Another reason for a Sanddrif stay is stargazing at the Cederberg Observatory, also at Dwarsrivier farm, founded in the 1980s by a British astronomer named Peter Mack, who recognised the potential of the area. The first telescopes were erected soon afterwards, and more development of the facility took place during the 1990s. With little to no light pollution, viewing celestial bodies from this vantage point is an unforgettable experience. The viewing experiences usually start at 20:00 and last about two hours. For information, email firstname.lastname@example.org (Afrikaans) or Chris at email@example.com (English), or visit www.cederbergobs.org.za. These tours only take place on selected Saturday evenings, weather permitting, and naturally when there’s no full moon. Permits for several Cederberg activities can be obtained at Sanddrif, although overnight hiking permits have to be secured through CapeNature.
A bit of luxury
Winding our way out of the Cederberg we tracked left to Ceres, past the right turn to Kromrivier. Soon afterwards the road meets a T-junction, where left takes you to the Nuwerust Rest Camp (www.cederbergexperience.co.za), and right goes in the direction of Ceres. Finally, with the road having returned to tar, we turned left, joining the R303 through the picturesque Koue Bokkeveld and Skurweberg mountains. The famous Gydo Pass lay ahead, our final obstacle before descending into the Ceres Valley. This pass was built in 1848 by Andrew Geddes Bain, forming the link between the Warm and Koue Bokkeveld. The 6.5 km of road comprising 27 twists and turns is a motoring enthusiast’s dream, but it takes some willpower to draw your eyes away from the awe-inspiring views of the valley and back to the road.

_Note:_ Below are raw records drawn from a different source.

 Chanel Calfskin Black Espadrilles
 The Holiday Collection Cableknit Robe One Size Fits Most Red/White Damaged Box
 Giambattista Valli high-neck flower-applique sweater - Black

Sneaking through the hamlet of Ceres we continued through Mitchell’s Pass and on to Fynbos Guest Farm – not their charming campsite, but the comfy cottages and neighbouring restaurant, the Grain & Grape, for our ration of pampering after the ruggedness of the Cederberg. But our stay there is a story for another time.
Why the Cederberg?
This mountain range is possibly the most splendid and striking in the entire Western Cape – a bold claim, considering that the Table Mountain range, the Swartberg and other prominent players all compete for that distinction. But what sets it apart is that it’s a declared wilderness area, and there aren’t so many of those left. The presence of endemic animal and plant species, awe-inspiring rock formations, leisure activities both thrilling and laid-back, and a cornucopia of charismatic campsites and self-catering destinations, make this a true all-in-one exploration experience. If you’re ever in the Cape, or headed this way, three to five days enjoyed here will certainly be time well spent.